In Ukraine, the Old World Order Ends in Farce

Comme en 1914 un problème somme toute mineur a fait exploser l’ensemble de l’ordre international, la bataille autour de l’est de l’Ukraine met en cause le système de relations mis en place à la fin de la guerre froide, écrit John Kornblum, ancien ambassadeur américain à Berlin, dans un commentaire pour Carnegie Endowment for International Peace. 2015 marquera le 40ème anniversaire des accord d’Helsinki qui ont façonné les dernières années de la guerre froide et préparé la fin de la division du monde en deux blocs en instaurant un code de bonne conduite. Une bonne occasion d’organiser un nouveau sommet afin d’instaurer la prochaine règle du jeu.

Six months after Russian intervention in Ukraine began, hopes for long-term democracy and integration between Russia and the West are near total collapse. A conflict on Europe’s periphery has ignited crosscurrents of violence and confusion that are already bordering on farce. Neither side seems to know what it is doing. Clowns are everywhere.

The EU’s poorly conceived European Neighborhood Policy flutters in the winds of war, lacking even a semblance of relevance to the crisis it created. Self-proclaimed “republics” rise and fall in accordance with whatever support Russia wishes to provide them with. Drunken “separatists” (or was it Russian regulars ?) shoot down a civilian airliner with horrible consequences. A mysterious Russian aid convoy shows up and then leaves.

Russian President Vladimir Putin’s game plan is impossible to decipher. Europe worries, and the United States dissembles, trying hard not to become involved in yet another failed state. Popular opinion in Russia celebrates Western sanctions as a test of a national spirit attuned to the nineteenth century.

All this is happening amid a conflict in which the facts are relatively straightforward. Ukrainians are fed up with Russian-sponsored corruption and seek a better future in the West. Russia wants its interests to be protected. That shouldn’t be a problem. But Ukraine is more like Bosnia than East Germany. Rather than negotiate the terms of Ukraine’s westward drift, Russia grabbed a piece of the country’s territory as a reprisal for disloyalty by its long-time fiefdom. One cannot escape the feeling that Putin’s anger is aimed mostly at the West.

Goodwill on both sides should be able to put together a compromise. But as in 1914, a relatively obscure problem has blown up into a challenge to the entire existing order. Putin and the Islamic State in Iraq and Syria are today’s villains. But the EU and the U.S. Congress are only marginally more rational.

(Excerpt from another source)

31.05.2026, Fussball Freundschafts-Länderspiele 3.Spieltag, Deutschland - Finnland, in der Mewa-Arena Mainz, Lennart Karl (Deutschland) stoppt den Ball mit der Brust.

There seems to be no central point for restoring order to match former U.S. president Bill Clinton’s decision to jump into Bosnia in 1995. A new Dayton Agreement is beyond imagination. No Richard Holbrooke—the key negotiator who helped achieve that peace accord—is waiting in the wings. Slowly, observers are coming to realize that a chapter of history ended on the streets of Kiev.

One reason for the rage causing this tragicomedy is that old categories don’t fit anymore. The radical integration of the world through high-speed information networks and modern logistics is redrawing the global geostrategic map before our eyes. Normal people, rich and poor, are increasingly worried that they are losing control of their destinies to something called globalization. Russian nationalists and Ukrainian freedom fighters are two sides of the same coin.

In fact, Ukraine is likely to come out ahead when this conflict finally winds down. The country’s central position between the EU, Russia, and Central Asia and its budding civil society are tailor-made for the new era ahead. Ukraine has integrated many European and Central Asian nationalities and is already a part of the West in a way that Russia could never be. Russian aggression has provided Ukraine with one advantage that it was previously lacking—national purpose.

Putin may in fact have done more to make Ukraine ready for the modern world than twenty years of EU preaching could ever have achieved. Ukraine has within reach the tools with which to define its own destiny. It will succeed if it can modernize around the technologies offered by the global community, including China.

Russia’s long-term dilemma will be not only that Putin has destroyed cooperation with the West but also that he has opened Central Asia and Eastern Europe to a larger role by the Chinese. The real dynamic in this region in the future is likely to be a German-Chinese one, with Russia playing only a secondary regional role.

No number of diplomatic conferences or peace plans is going to have much influence on this inexorable change. New realities will emerge from radically changed global dynamics and not from think tanks. The West can help most by returning to first principles. Supporting democracy in Ukraine is a vital first step. But next year will also mark the fortieth anniversary of the Helsinki Final Act, a 1975 agreement that sought to reduce Cold War tensions and defined modern civil society as the foundation of lasting peace.

A new version of the Helsinki Final Act could install modern civil society as a prerequisite for success in a globally networked world. Even while the guns are still firing in Ukraine, it is not too early to begin planning a summit initiative for that important occasion in 2015. By then, there might just be a chance to convince Russia and other parts of the former Soviet Union that cooperation among democracies is the key to a prosperous and peaceful future.